Chiang CW, Chen YC, Lu JC, Hsiao YT, Chang CW, Huang PC, Chang YT, Chang PY, Wang CT - PLoS ONE (2012)

Bottom Line: Subsequent live Ca(2+) imaging was used to monitor the effects of these molecular perturbations on wave-associated spontaneous Ca(2+) transients.We found that targeted expression of Syt I C2A or C2B mutants in SACs significantly reduced the frequency, duration, and amplitude of wave-associated Ca(2+) transients, suggesting that both C2 domains regulate wave temporal properties.In contrast, these C2 mutants had relatively minor effects on pairwise correlations over distance for wave-associated Ca(2+) transients.

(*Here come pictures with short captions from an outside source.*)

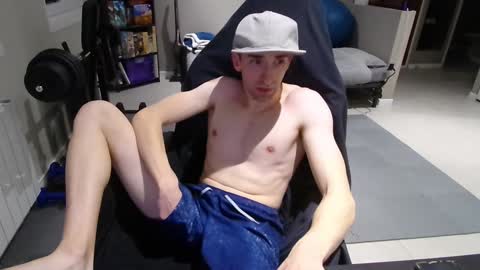 Snapshot of ryukukamifr chatting on January 2025 06:41:02 PM Ryuk FR online show from January 2025 06:41:02 PM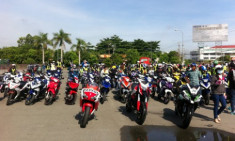  Hơn trăm chiếc Yamaha Exciter tụ tập tại Tiền Giang 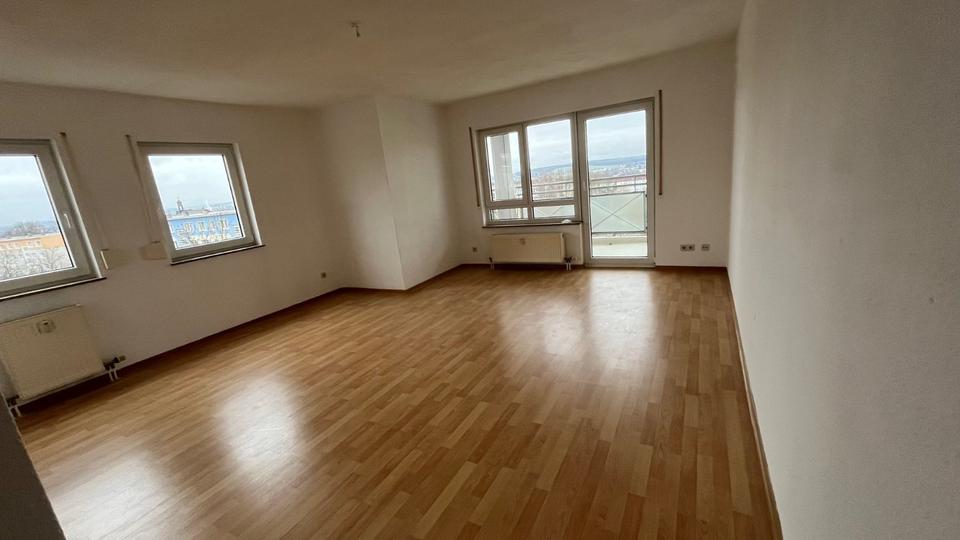 Etagenwohnung Zwickau Auerbach - 3 Zimmer, 78 m&sup2;, 504&euro; | Angebot:19815860
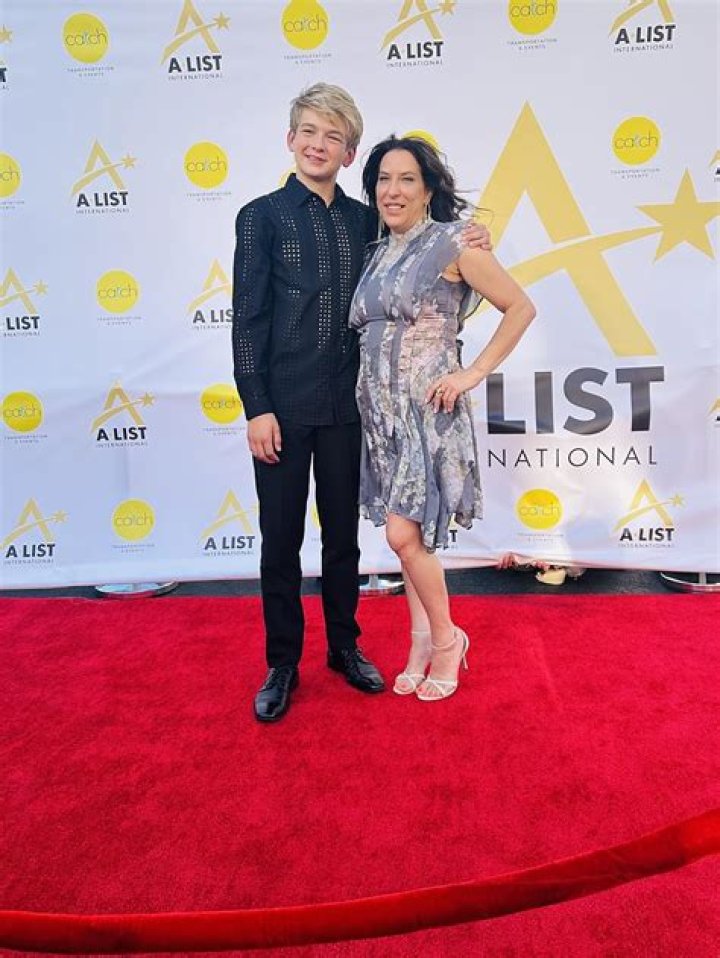 Russell Roberts’s Wife: Who is Russell Roberts Dating?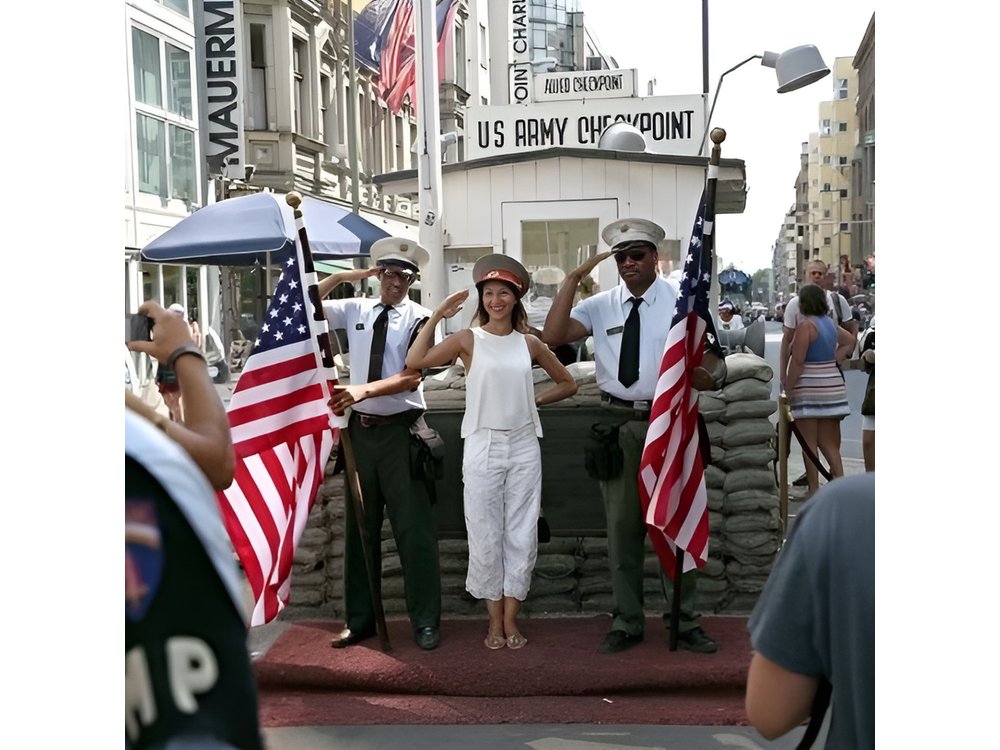 Berlin City Tour by Private Car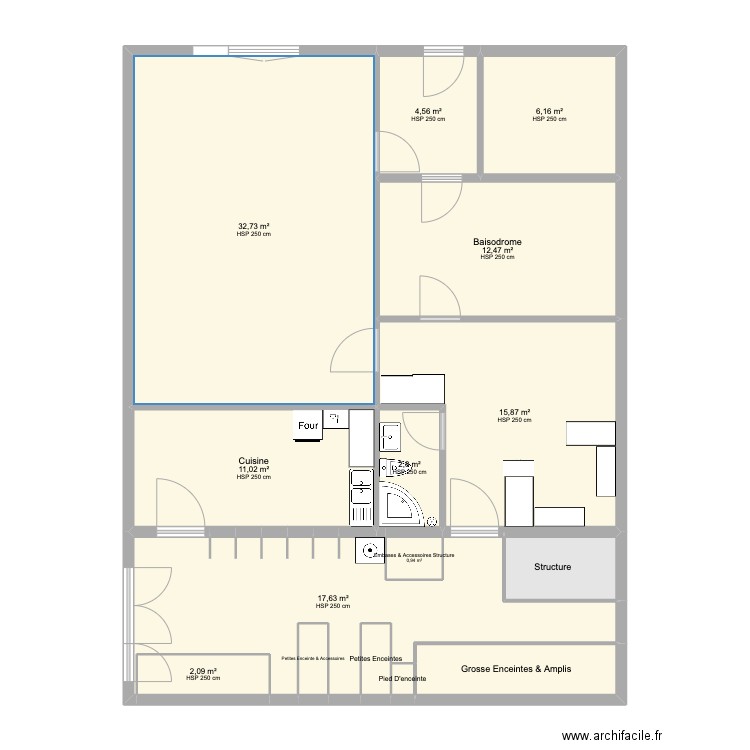 Depot. Plan de 15 pièces et 115 m2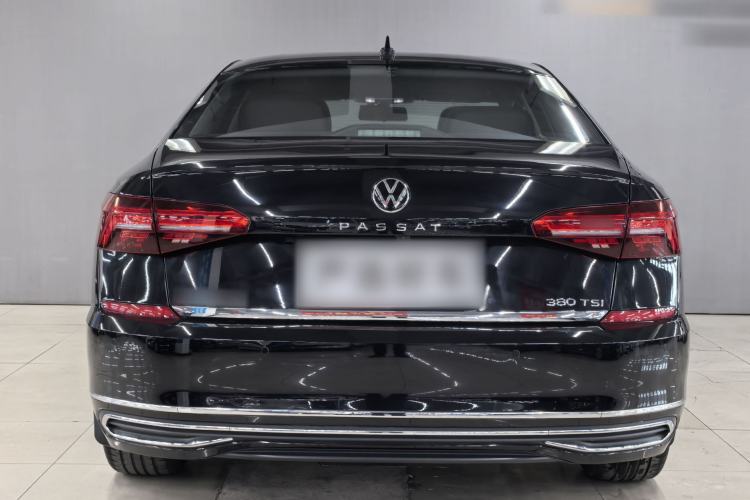 Used Volkswagen Passat 2020 Restyled 380TSI Luxury Edition China VI Standard
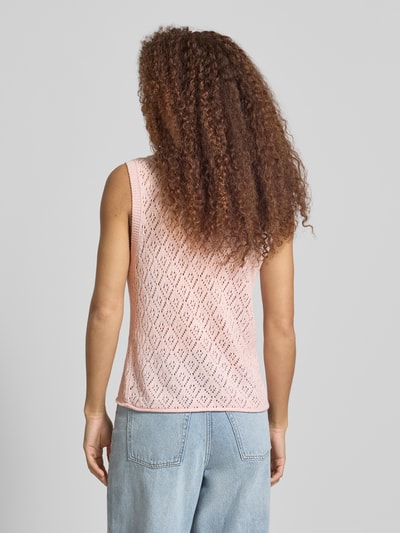 Frauenmodel trägt Regular Fit Pullunder mit Rundhalsausschnitt Modell 'SUNNY' von Only, jasnoróżowy, ażurowa dzianina, jednolity kolor, krój regular fit, półprzezroczysty wzór, prążkowany dół, widok całej sylwetki z tyłu.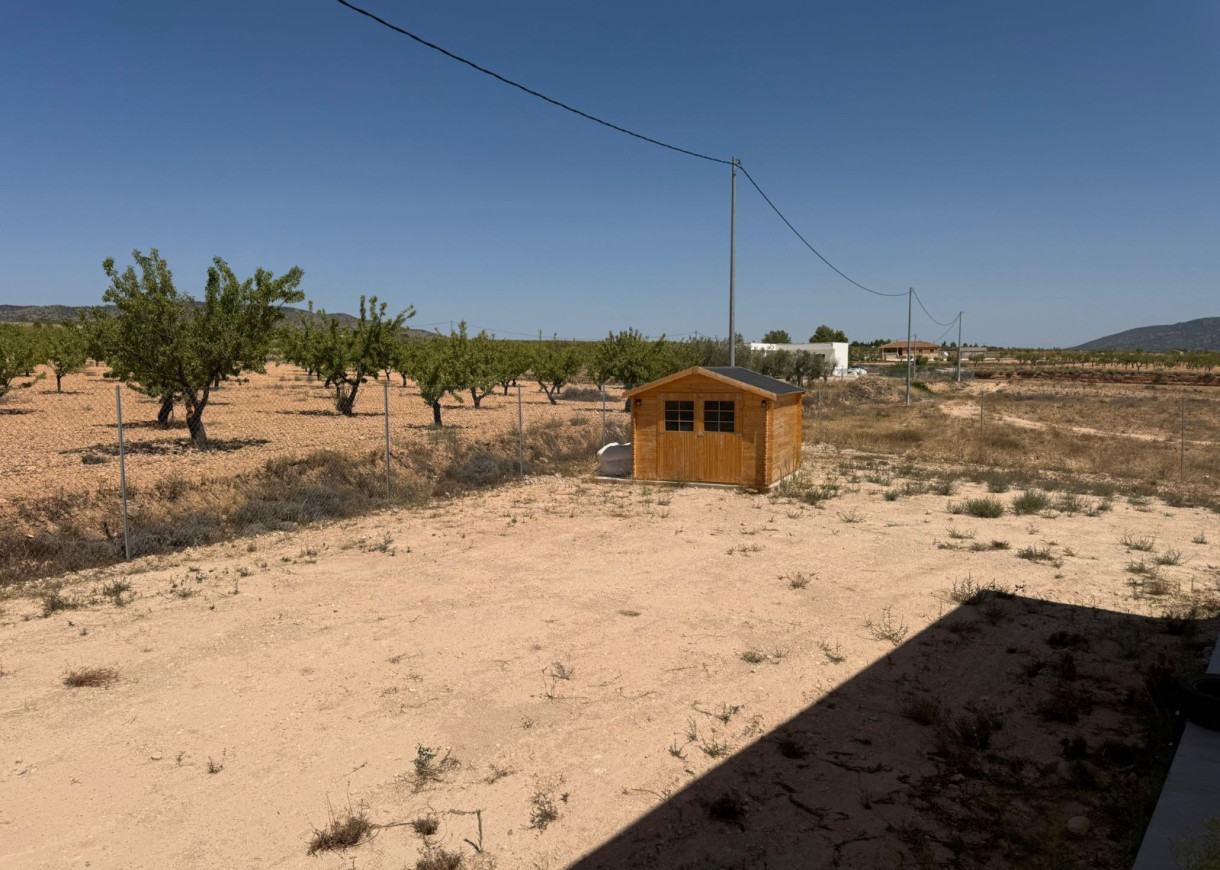 Resale - Villa - Pinoso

View Article: PubMed Central - PubMed

Affiliation: Institute of Molecular and Cellular Biology, National Taiwan University, Taipei, Taiwan.

ABSTRACT

Background: In neonatal binocular animals, the developing retina displays patterned spontaneous activity termed retinal waves, which are initiated by a single class of interneurons (starburst amacrine cells, SACs) that release neurotransmitters. Although SACs are shown to regulate wave dynamics, little is known regarding how altering the proteins involved in neurotransmitter release may affect wave dynamics. Synaptotagmin (Syt) family harbors two Ca(2+)-binding domains (C2A and C2B) which serve as Ca(2+) sensors in neurotransmitter release. However, it remains unclear whether SACs express any specific Syt isoform mediating retinal waves. Moreover, it is unknown how Ca(2+) binding to C2A and C2B of Syt affects wave dynamics. Here, we investigated the expression of Syt I in the neonatal rat retina and examined the roles of C2A and C2B in regulating wave dynamics.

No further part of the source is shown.